There could, though, be episodes of bigotry that suggested a fanaticism lying barely below the surface. After the creation of the Second Reich a persecution took place against the Catholic Church that included the widespread imprisonment of priests and the confiscation of assets: by the end of 1878 more than half Prussia’s Catholic bishops were in jail or in exile. The reason for this seems to have been the notion that the Catholic Church was using its position for political ends against the state, and it was rooted in Bismarck’s own personal prejudices. The Jews, who were to suffer terribly under Prussia’s heirs, were kept in their place by Prussian social rigidities and by exclusion from senior state positions. This did not, of course, stop Bismarck using the Jewish financier Gershon Bleichröder to finance schemes of expansionism, both territorial and military. Poles, too, had a hard time – their country had been partitioned by Prussia, though many of them submitted quite willingly to Germanification in order to get on.

Once 1871 is reached, Clark is careful to distinguish Prussian and German history. He deals with the Great War in short order, it having become by that stage a question of German, rather than Prussian, opportunism. Certainly, though, the men who helped lose the war for Germany, and lose the Imperial German and Prussian thrones for the House of Hohenzollern, were both Prussians: Hindenburg and Ludendorff. Oddly, after the Great War, and with attempts at Soviet-style revolution having failed, Prussia then put itself in the forefront of social democracy and progressive republicanism.

However, what really did for Prussia was the identification by Hitler – an Austrian living in Bavaria – and Goebbels of traditional Prussian militarism and efficiency with the nascent Third Reich and Nazism. This was, as with so much else the pair of them did, a cynical move. Their movement had no time for the Junker caste or for the Hohenzollerns: talks with the exiled Kaiser in Doorn in the Netherlands about his possible restoration came to nothing.

Certainly – and Clark is adamant on this point – old Prussia played its part in delivering Hitler to the nation and the world, not least by Hindenburg’s acquiesence in Hitler’s methods once he had won power.
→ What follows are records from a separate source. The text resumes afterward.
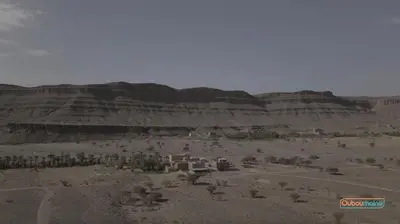 a view of a desert with mountains in the background at Ouboumalne in Tamsahelt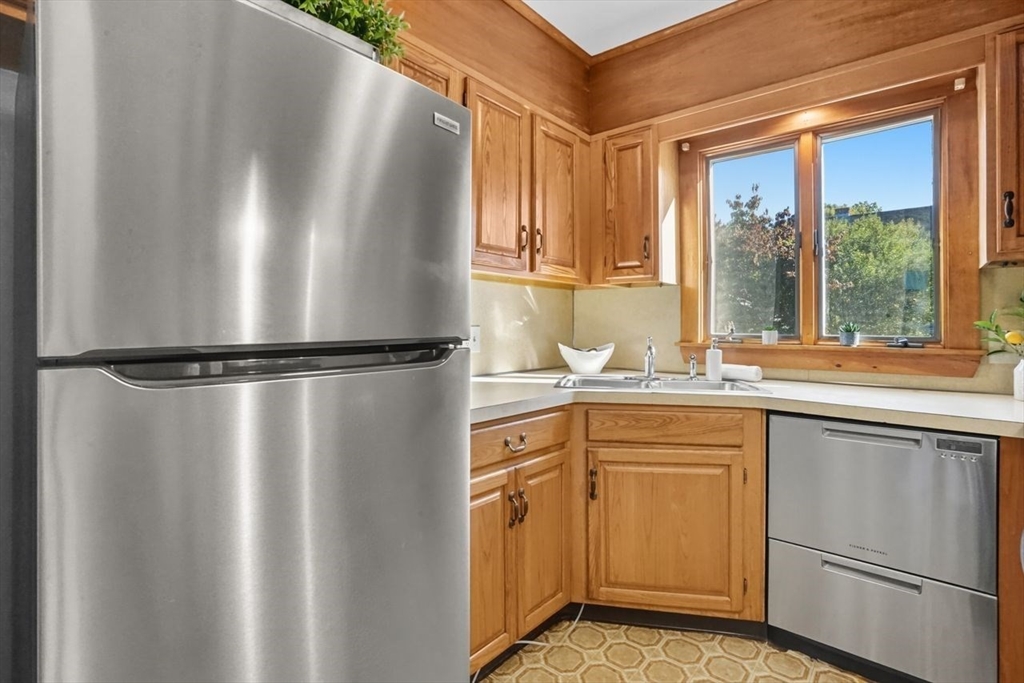 15 Bronson Terrace Springfield, MA 01108 - Photo 19 of 42 a kitchen with a refrigerator and a sink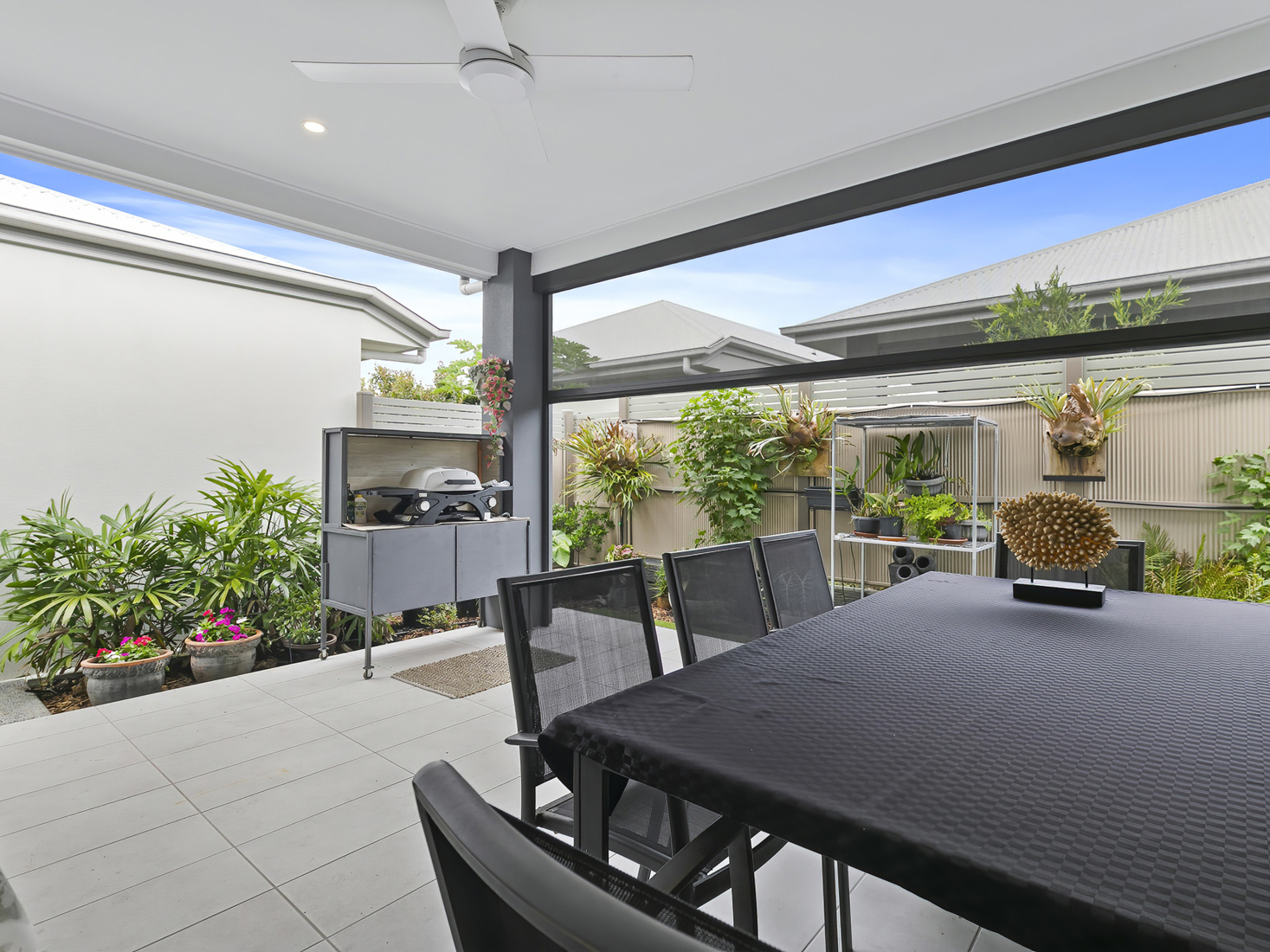 outdoor covered patio area with light tiles, dark dinign setting and barbeque.
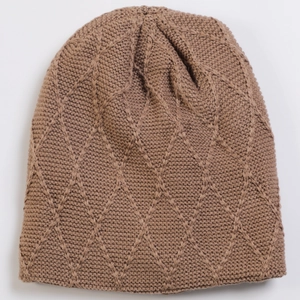 Detailed view of the diamond-patterned knit texture on a soft brown winter beanie cap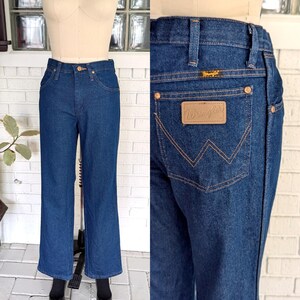 K&ouml;nnte beinhalten: Eine blaue Jeans aus Denim mit einem braunen Leder-Wrangler-Patch auf der Ges&auml;&szlig;tasche. Die Jeans hat einen geraden Schnitt und eine hohe Taille.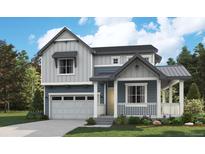 Charming two-story home featuring a covered porch, a two-car garage, and a well-manicured lawn at 8155 Butte Creek Street St, Littleton, CO 80125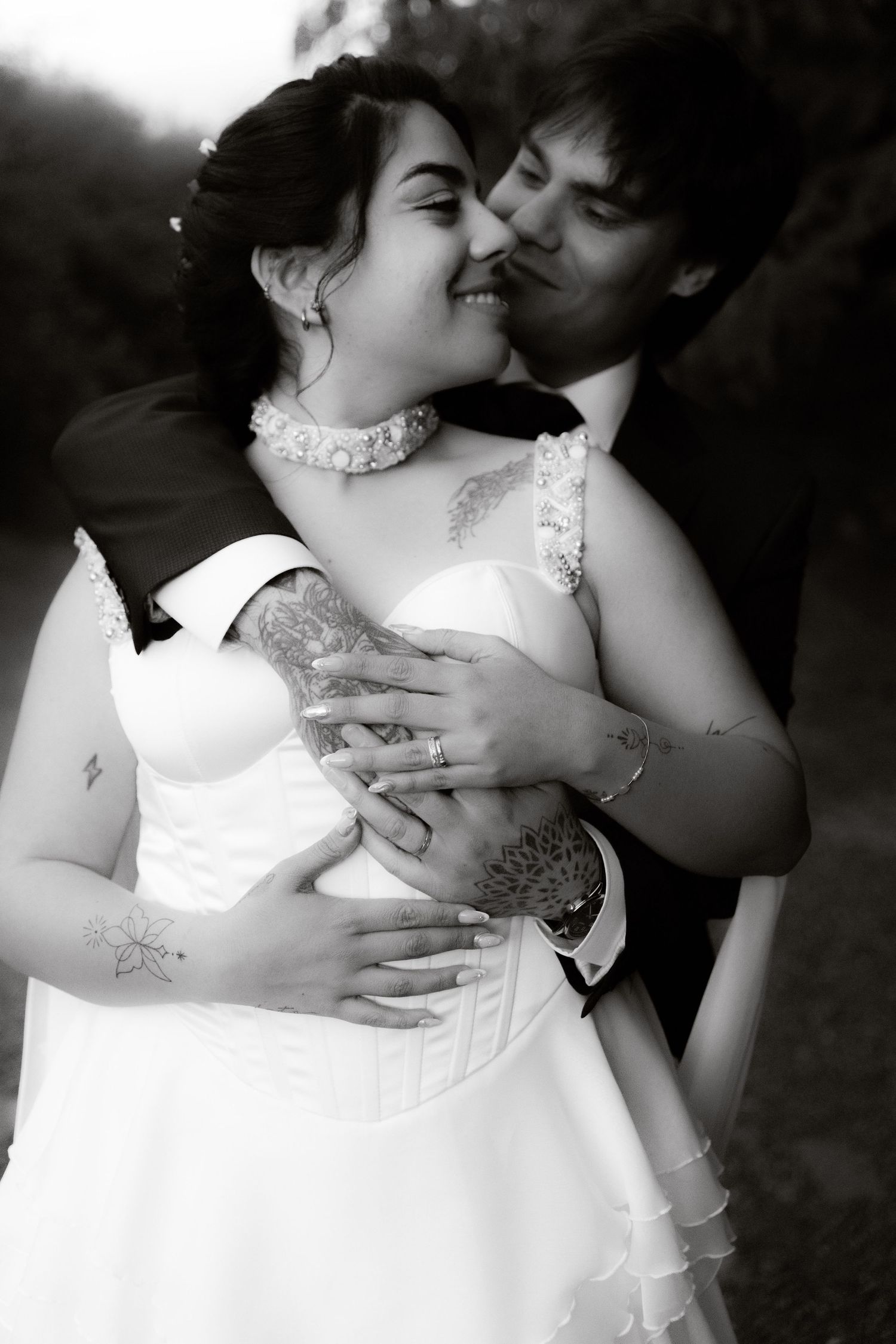Black and white photo of groom kissing tattooed bride's cheek while embracing her from behind outdoors.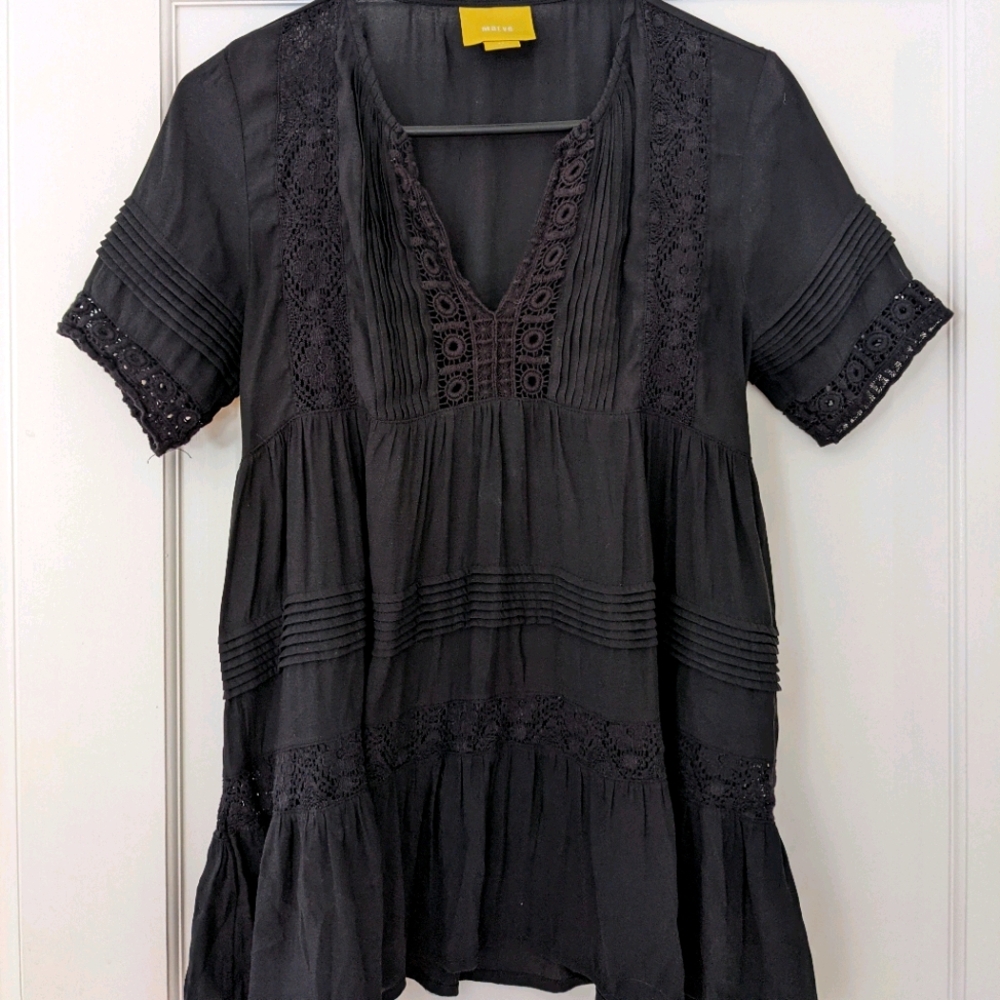 Maeve black tunic sold by Anthropologie XS
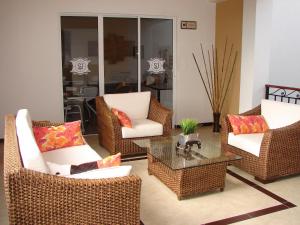 uma sala de estar com cadeiras de vime e uma mesa de centro em Hotel San Jeronimo em Popayán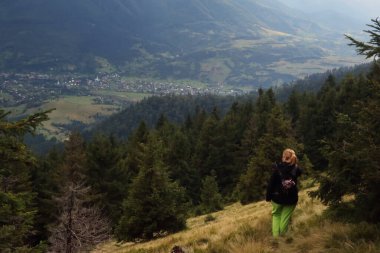 Karpatya dağlarında gezinti. Tepeden inen kız Sinevir manzaralı arka planda.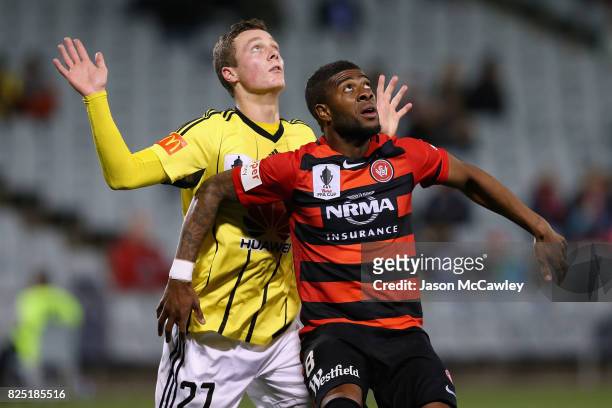 Roly Bonevacia of the Wanderers is challenged by Liam Wood of the Phoenix during the FFA Cup round of 32 match between the Western Sydney Wanderers...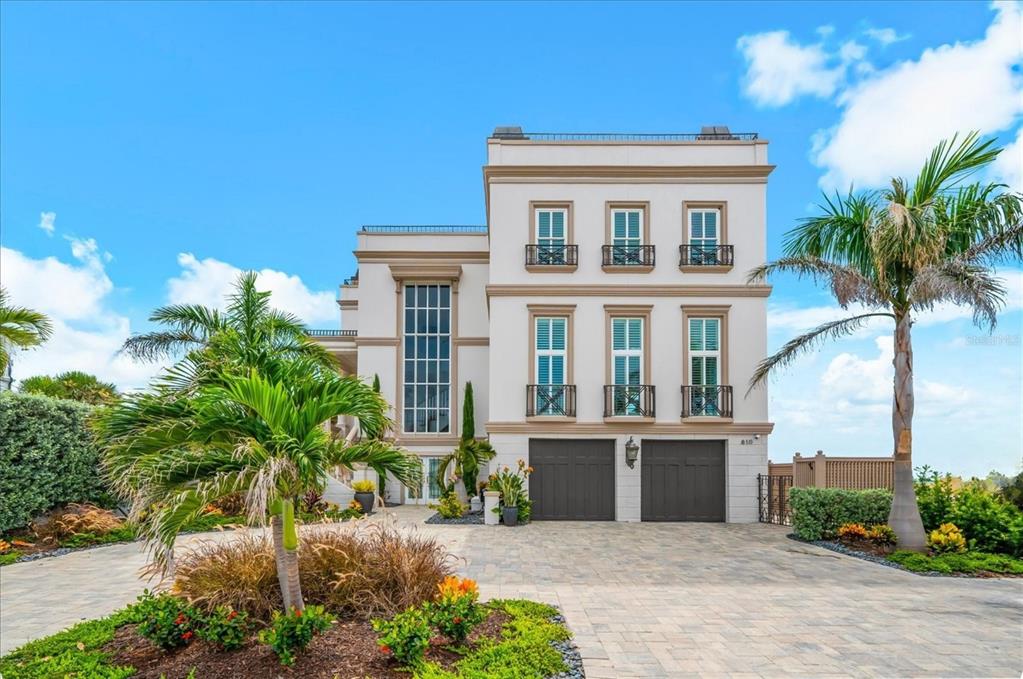 A grand foyer features a curved staircase with a patterned runner and large floor-to-ceiling windows — 810 ELDORADO AVENUE, CLEARWATER BEACH, FL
Although Prussians were significant in the plot to assassinate the Führer in July 1944, Junker families had also, right from the start, provided a substantial number of high-quality recruits to the Nazi cause.

It was this association of the Nazis with Prussianism that caused the victors to abolish the state in 1947. Given what Prussian enlightenment had done for Germany, that was in part a knee-jerk reaction and historically ignorant. Much of what had been Prussia was parcelled up and annexed to Poland. The once handsome city of Königsberg, one of the jewels of Europe, was flattened by the Russians, renamed Kaliningrad and beautified with Stalinist architecture as only they knew how. As Christopher Clark points out at the end of his exhaustive history, Brandenburg has, since reunification, emerged once more as a locale and an identity. Of Prussia there is nothing, which seems an offence against logic and geography. In the end, it was only a name, and not, in fact, a name that caused the two world wars. One day, perhaps, the taboo will end, and Prussia will be restored – to its social democratic and truncated form, and not as it was in 1914. To remember it just for military aggression is to recall only part of the story, and only part of the story of Europe too.